You'd be hard pressed to find anyone who doesn't like freshly baked chocolate chip cookies. But plenty of people don't have time to make them from scratch. So we took a look at ways to whip up decent cookies and fill the kitchen with that fresh-from-the- oven smell without a lot of fuss.

There are two ways to go: A packaged mix to which you add ingredients or those refrigerated logs of morsel-studded dough. But would these cookies be any better than the already made cookies that you buy in a bag or box at the supermarket? And would they come close to tasting like a real homemade chocolate chip cookie?

We put three boxed mixes and five of the familiar refrigerator dough logs to the test, taking note of how the cookies looked when they came out of the oven, their taste and, with the mixes especially, how easy they were to concoct. Here are the sweet--and not so sweet--results.


NESTLE TOLL HOUSE CHOCOLATE CHIP COOKIE DOUGH We'd tasted a few less-than-great cookies by the time we got to what turned out to be the Toll House plate, so it was a relief to bite into a cookie that not only looked like the real thing, but also tasted great too. Imagine that buttery, brown-sugar- and-vanilla taste of a real Toll House cookie, with almost no artificial flavor. Not quite the same as the real thing, but pretty close. (About $3 for 18-ounce log.) At most supermarkets.

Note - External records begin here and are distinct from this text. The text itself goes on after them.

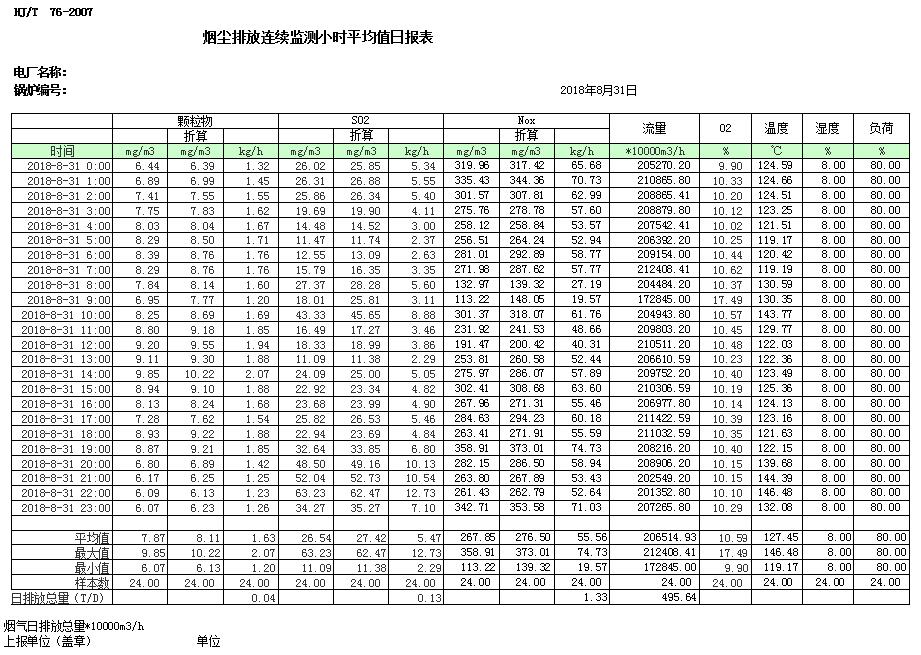 豪门国际·(中国集团)官方网站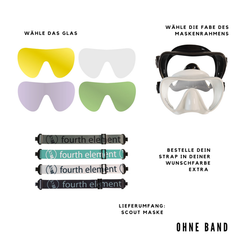 Scout-Maske Fourth Element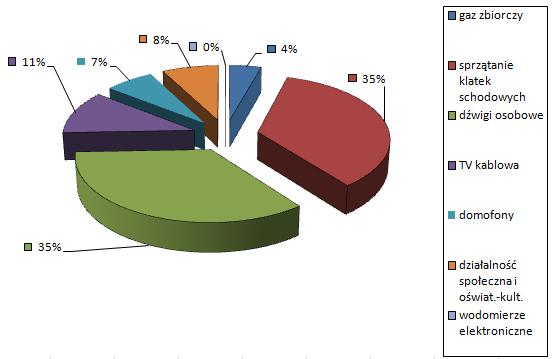 7 Wykres 4: Struktura kosztów innych działalności w 2015r. Przychody ze sprzedaży ogółem w 2015 roku z tytułu działalności eksploatacyjnej wynosiły: 87.236.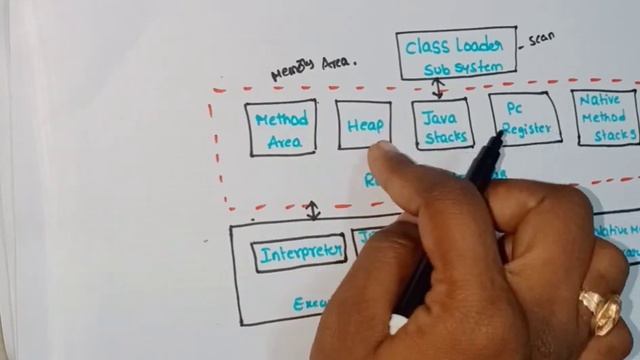 What is java virtual machine in java in Telugu//Java virtual machine/@lasyatech смотреть онлайн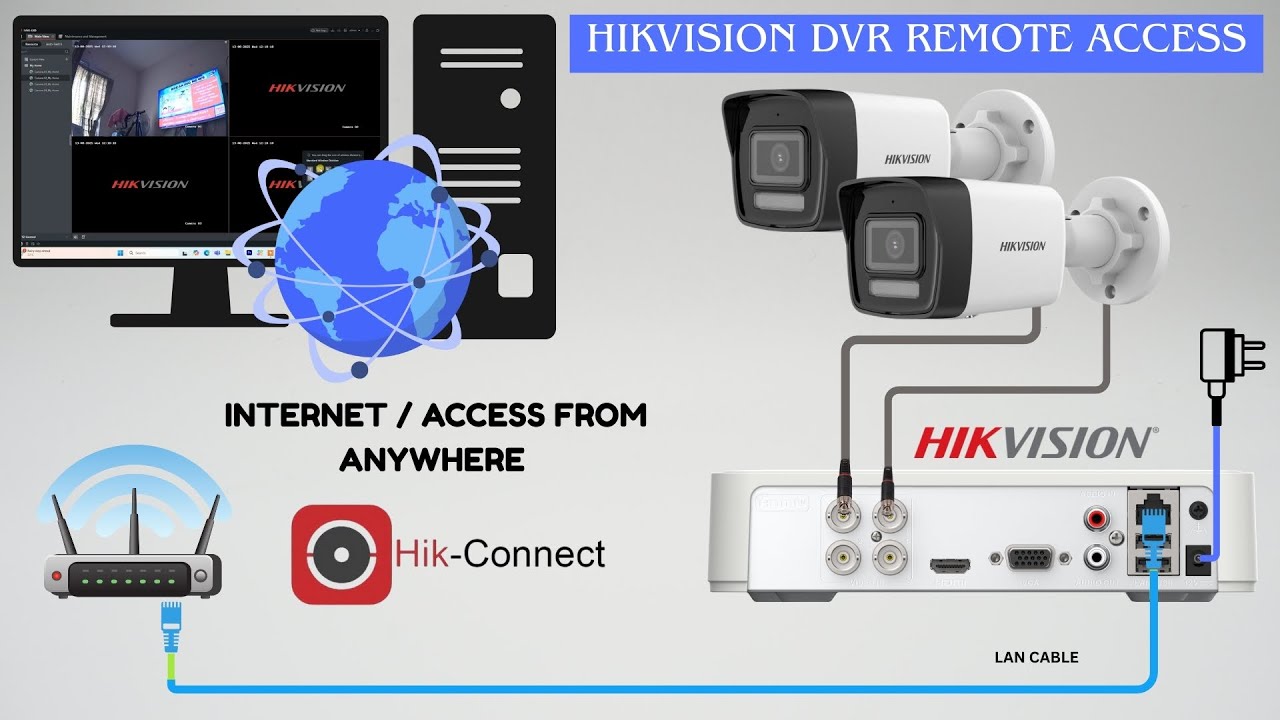 How to Remotely Access Hikvision DVR Worldwide with iVMS-4200 PC software | Step-by-Step Tutorial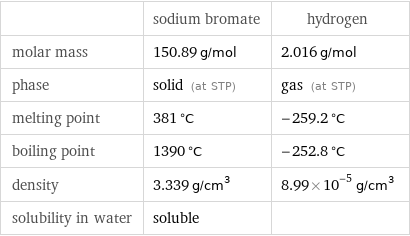  | sodium bromate | hydrogen molar mass | 150.89 g/mol | 2.016 g/mol phase | solid (at STP) | gas (at STP) melting point | 381 °C | -259.2 °C boiling point | 1390 °C | -252.8 °C density | 3.339 g/cm^3 | 8.99×10^-5 g/cm^3 solubility in water | soluble | 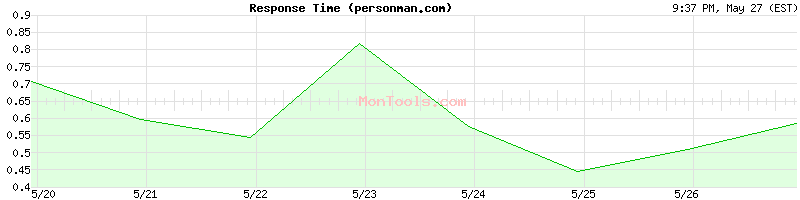 personman.com Slow or Fast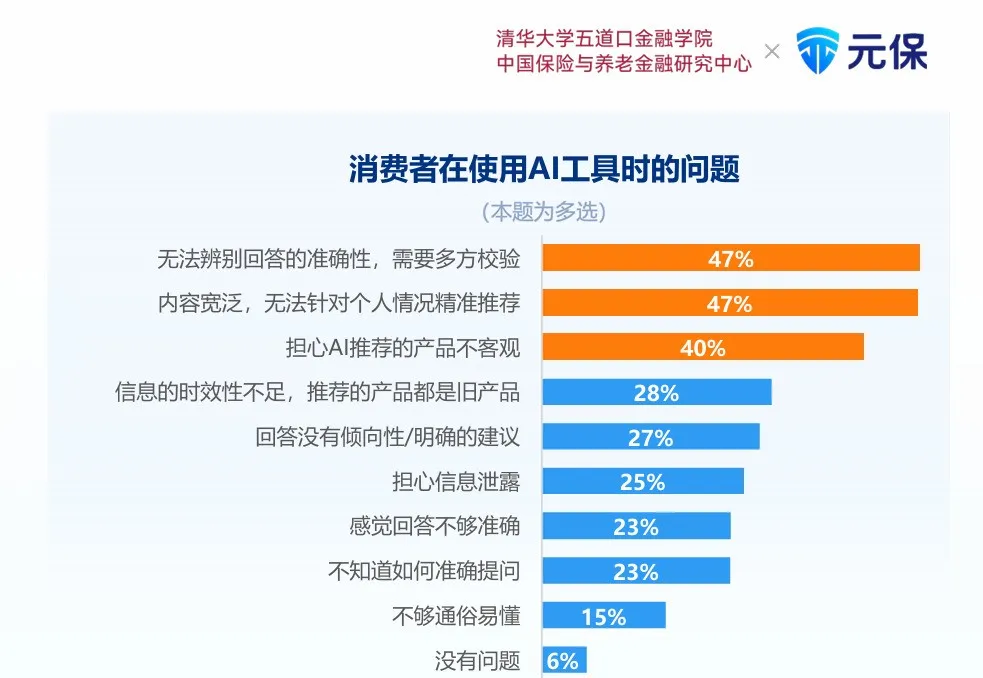深度解读《2025年中国互联网保险消费者洞察报告》：消费者购险线上化、智能化、理性化(11)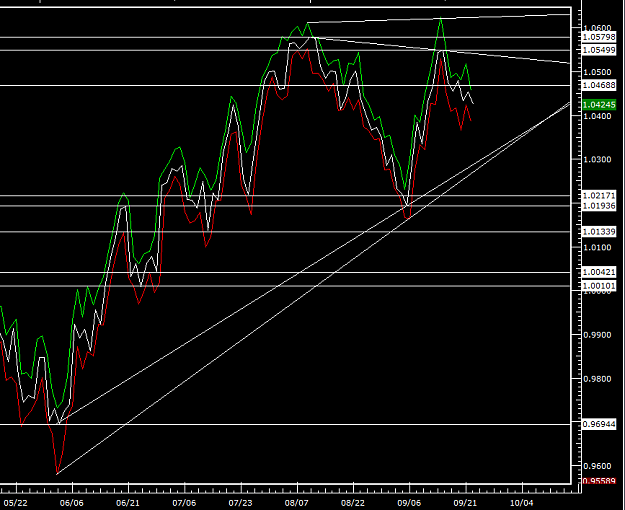 Click to Enlarge

Name: dailyaudusd.png
Size: 35 KB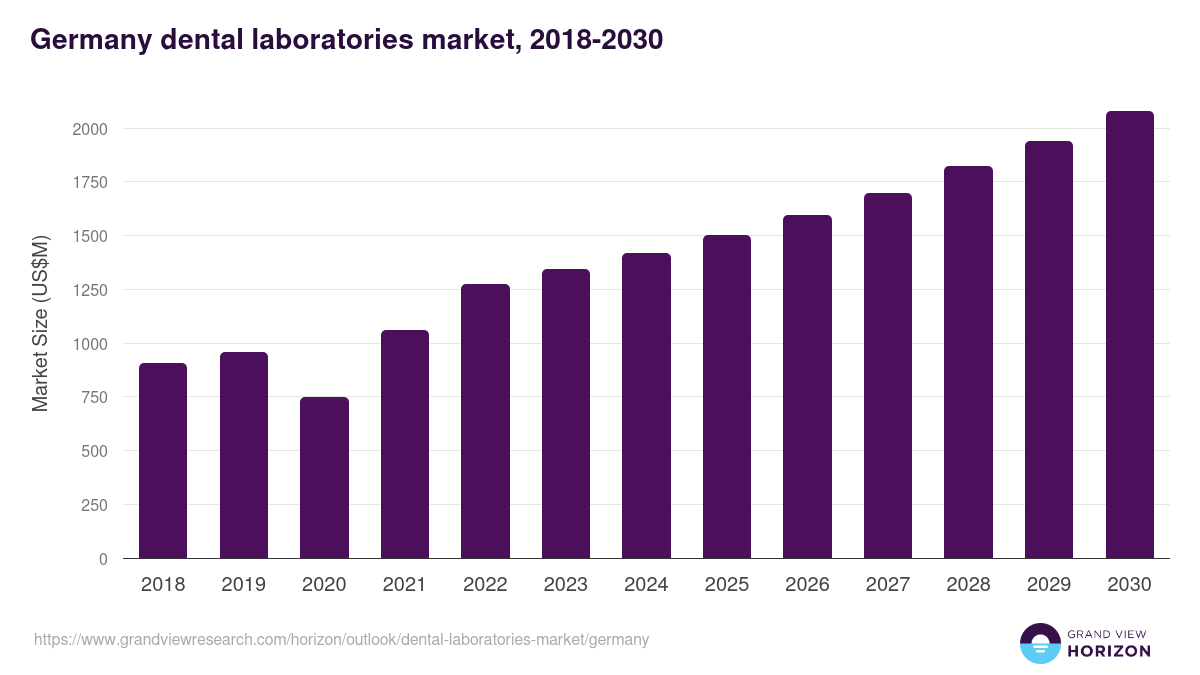 Germany dental laboratories market, 2018-2030 (US$M)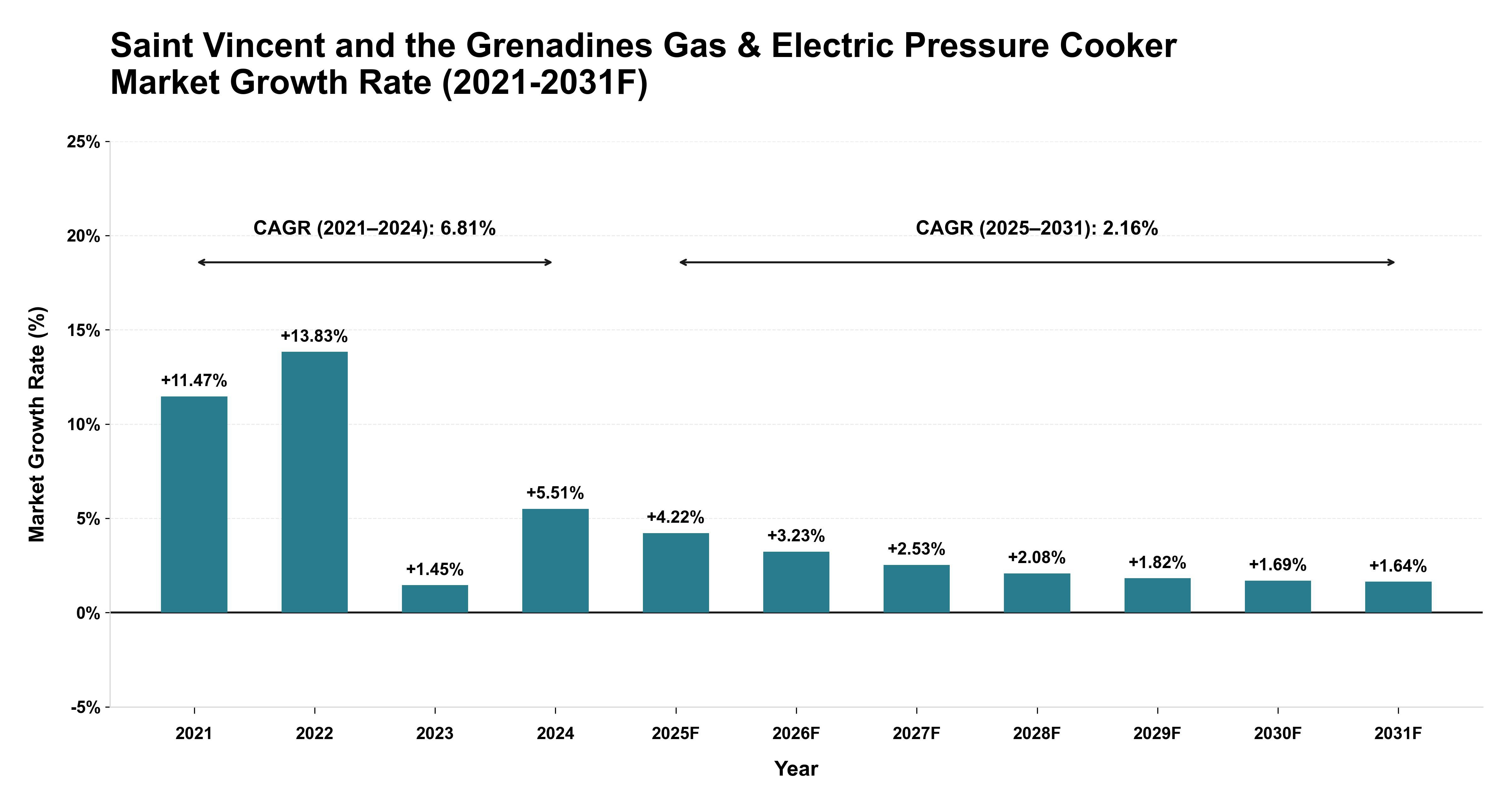 Saint Vincent and the Grenadines Gas & Electric Pressure Cooker Market Year-wise Growth Rate (2021-2031F)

PILLSBURY CHOCOLATE CHIP COOKIE DOUGH This was a perfectly respectable cookie, a tad too sweet but otherwise just fine. The directions say you can slice cookies off the log of dough, but that didn't work too well. Better to dig in with a teaspoon and drop the rounded dough onto the cookie sheet. (About $3 for 18-ounce log.) At most supermarkets.

SAFEWAY CHOCOLATE CHIP COOKIE DOUGH Ever gone a bit overboard with the baking powder or soda in a cookie recipe? These cookies had that somewhat odd taste, but were otherwise pretty good. Keep a careful eye on the oven with this one though; it's easy to overbake them, resulting in a cookie that's on the dry side. (About $3 for 18-ounce log.) Available at Safeway stores.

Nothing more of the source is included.